▶ _DATA SECTION_

-- -- --

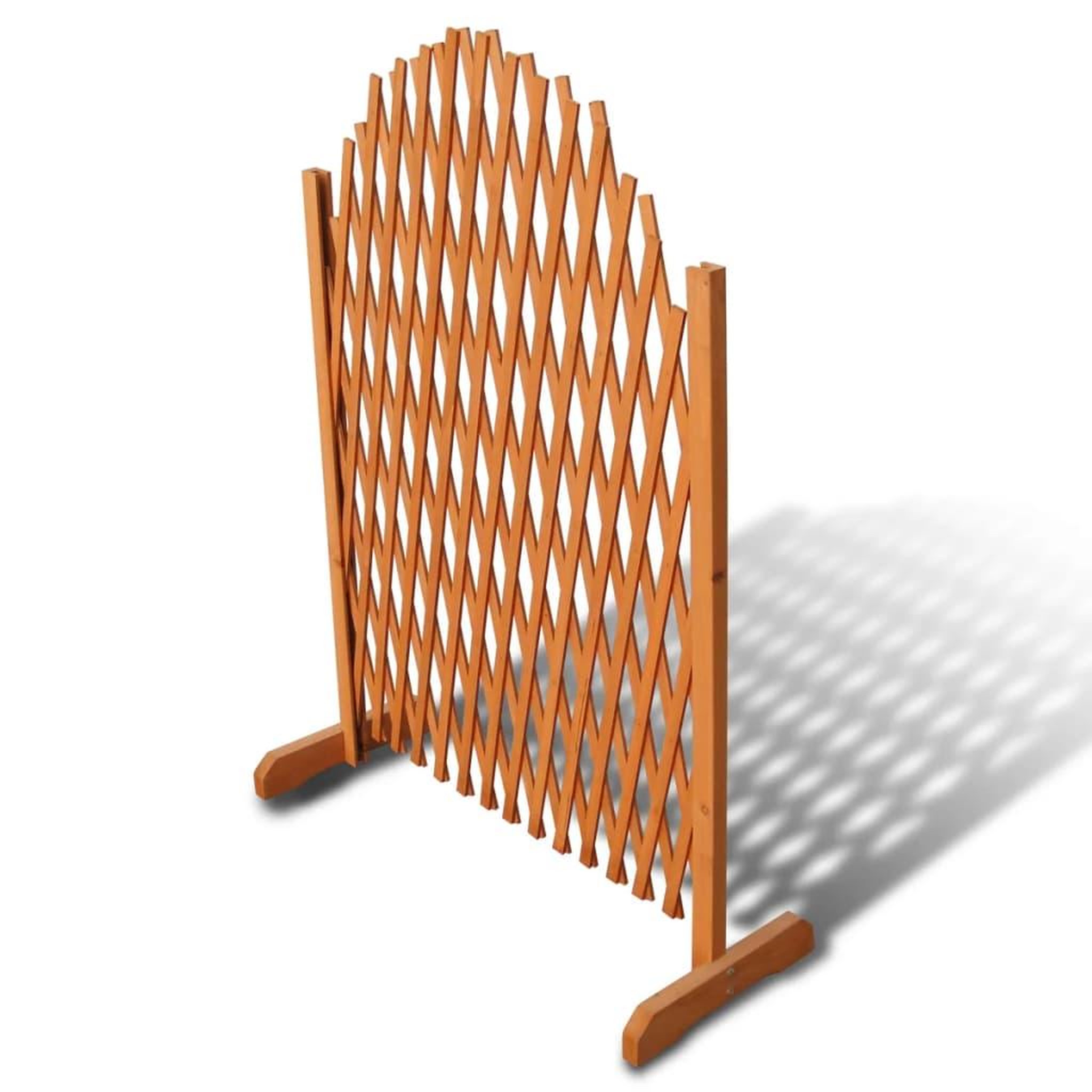 Voir la diapositive 2 : VIDAXL Cloture en treillis bois solide 180x100 cm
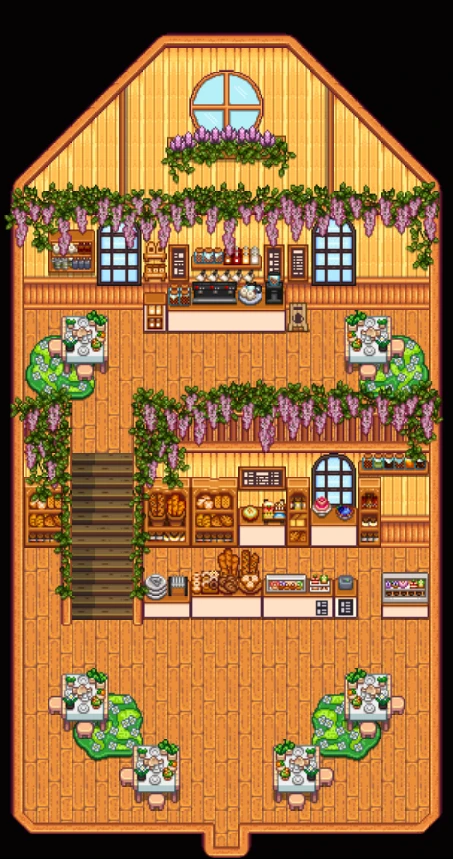 HxW Buildable Bakery mod for Stardew Valley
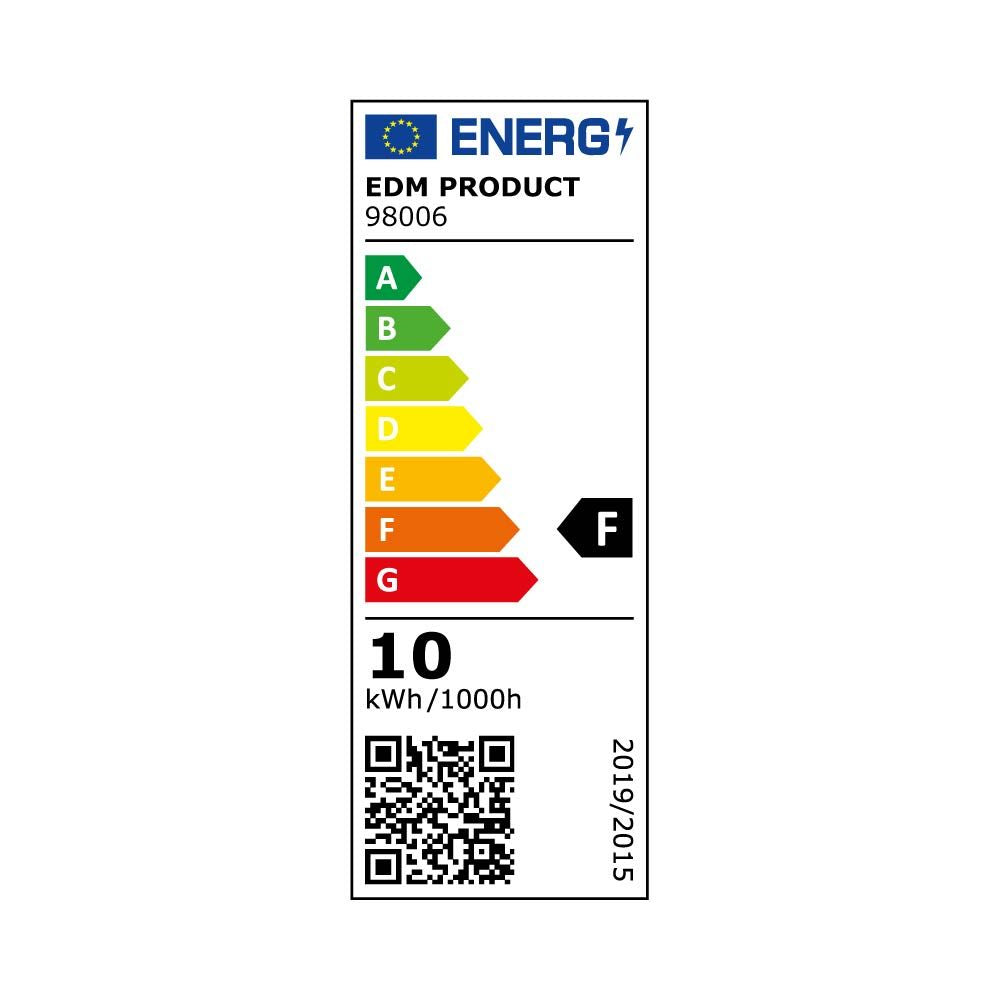 Bombilla dicroica led gu10 10 w 932 lm 6400 k luz fría 120° ø5 x 6,4 cm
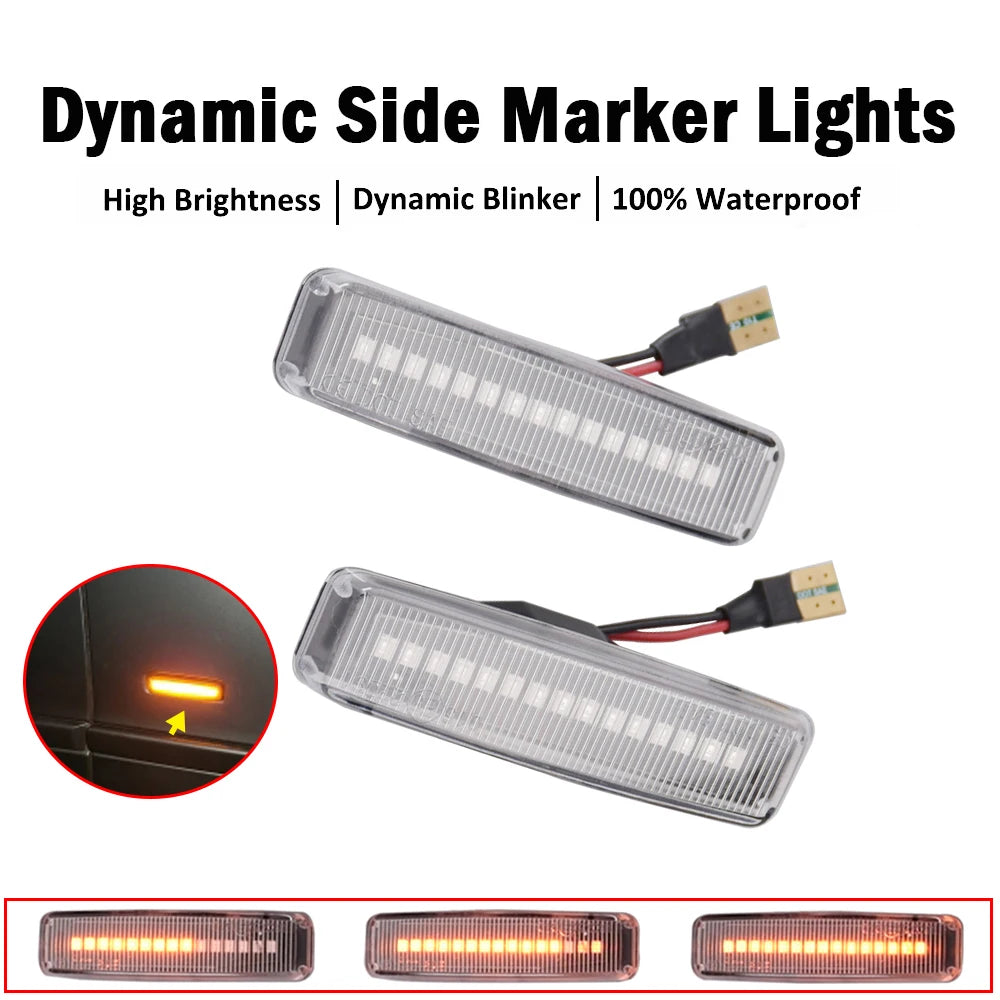 Led Dynamic Turn Signal Light Side Marker Fender Sequential Lamp Blinker Indicator Trim Cover For BMW 5 Series E39 1995-2003 M5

-- -- --

▶ _PROBLEM DESCRIPTION_
Your copy must start at the line that holds "HxW Buildable Bakery mod for Stardew Valley" and end at the last line of the data, both included; it must contain no pictures.

▶ _EXERCISE SOLUTION_
 HxW Buildable Bakery mod for Stardew Valley
 Bombilla dicroica led gu10 10 w 932 lm 6400 k luz fría 120° ø5 x 6,4 cm
 Led Dynamic Turn Signal Light Side Marker Fender Sequential Lamp Blinker Indicator Trim Cover For BMW 5 Series E39 1995-2003 M5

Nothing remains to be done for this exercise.